I am currently reading Confessions of a Beginning Theologian by Elouise Renich Fraser. It has really been an encouragement to me in light of where I am on this journey I have found myself on.
"Becoming a theologian is about accepting God's invitation to get started. It's about doing things beginners do. Beginners ask questions even though they're afraid some are dumb questions. They make mistakes even thought they want to get things right the first time. They accept help whether they've asked for it or not. They don't try to figure everything out on their own. They have fears, hopes and expectations. They....dare to take those first awkward steps. I was full of fear when I began seminary. Fear of being wrong(I had a need to be right). Fear of doing wrong (I was a married woman with children). Fear of being misunderstood (I didn't want to rock any boats). Fear of being criticized and fear of being ignored. Fear of change, Fear of exposing my limited academic background. Fear of being laughed at, especially behind my back. Fear of not being able to manage everything - children, marriage, finances. Fear of failure.

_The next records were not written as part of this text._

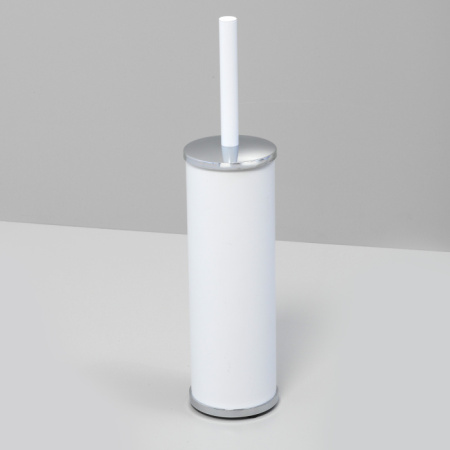k_1027w_2.jpg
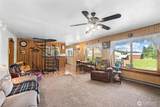 5096 Hwy 25 - Photo 9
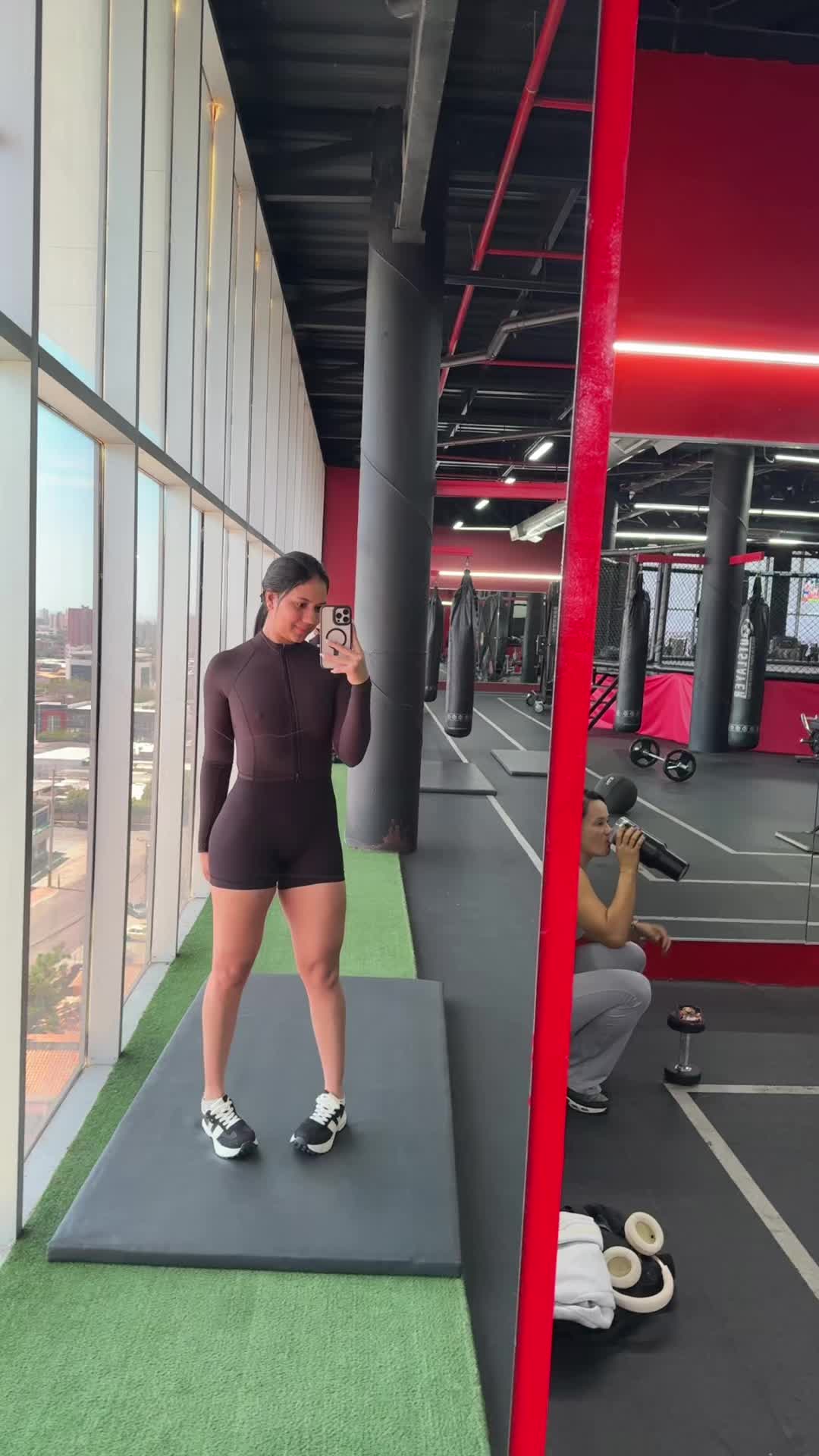 @sarimarg09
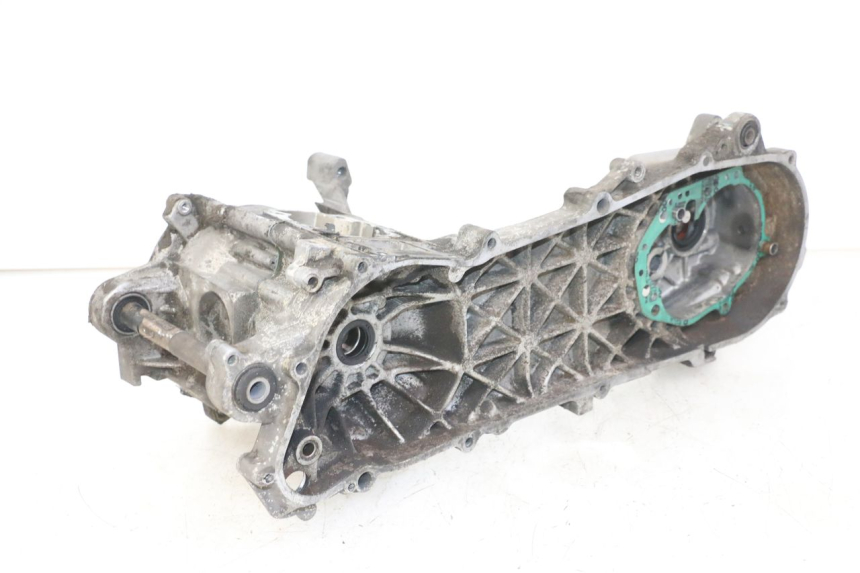 photo de CÁRTER DE MOTOR INFERIOR PEUGEOT ELYSTAR 50 (2002 - 2014)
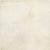 Vintage Chic Series - Alabaster Gloss Grande 500x500mm Ceramic Tile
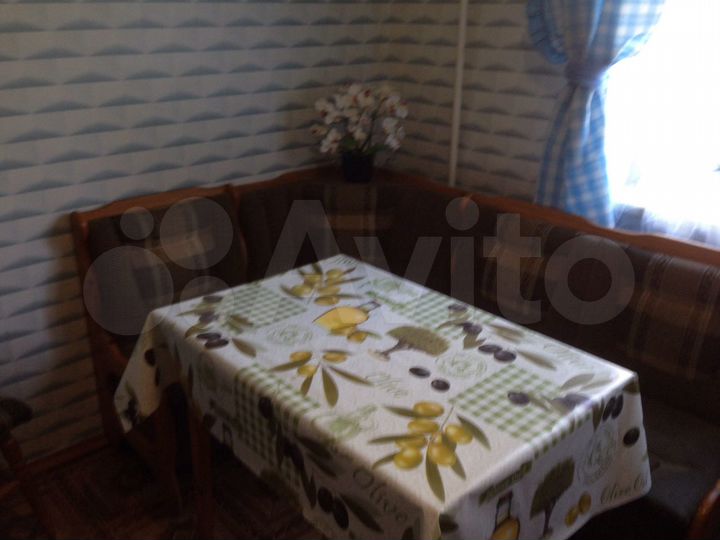 2-к. квартира, 48,1 м², 3/4 эт.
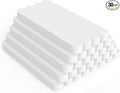 EGKimBa 30 Packs Air Scents Stick for Car Star Lights Projector, Car Air Freshner Refill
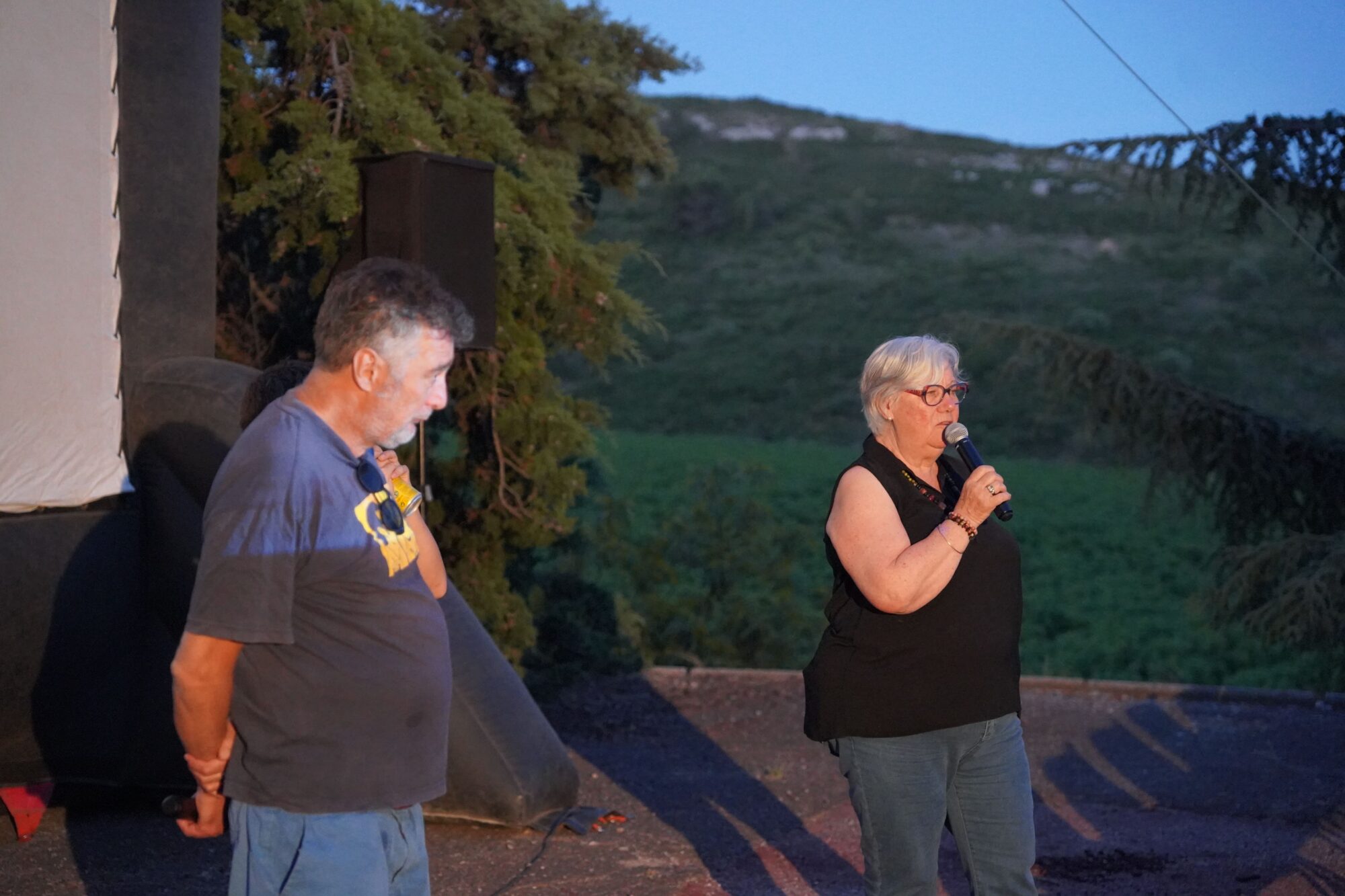 260613_REPAS_MAS_RIMBAULT_VIGNES_CINEMA_PORLAN (48)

God invites us to become beginners. To forget about the impression we think we're making. To stop nodding yes when we don't yet understand what the other person is saying. To give up the habit of apologizing for taking up too much time with our questions. To stop trying to do it all by ourselves, not letting anyone know we feel overwhelmed. To stop hiding behind silence.
I know what happens when I lose touch with myself as a beginner. I become anxious and guarded lest I look or sound like a beginner. I lose my ability to wonder, to ask questions, to let my ignorance show and to laugh at myself. I lose my freedom and try to skate without letting go of the rail. I begin second guessing myself, which leads to failure of nerve and loss of confidence. I become obsessed with what other people think about me and my work. I accept their negative opinions as inerrant. Worst of all, I lose touch with the cutting edge of my life, which is the cutting edge of my theology.
We learn early to cloak ourselves in deceptive armors of competence and self-reliance. They're deceptive because they won't protect us from being hurt and misinterpreted. Instead they place more layers between us and God's surprises. It takes courage to begin laying down the disguises that hide our beginner status."
1 comment:
Those are good words, and good reminders for me as well. I often find myself trying to cloak myself in the "armors of competence and self-reliance."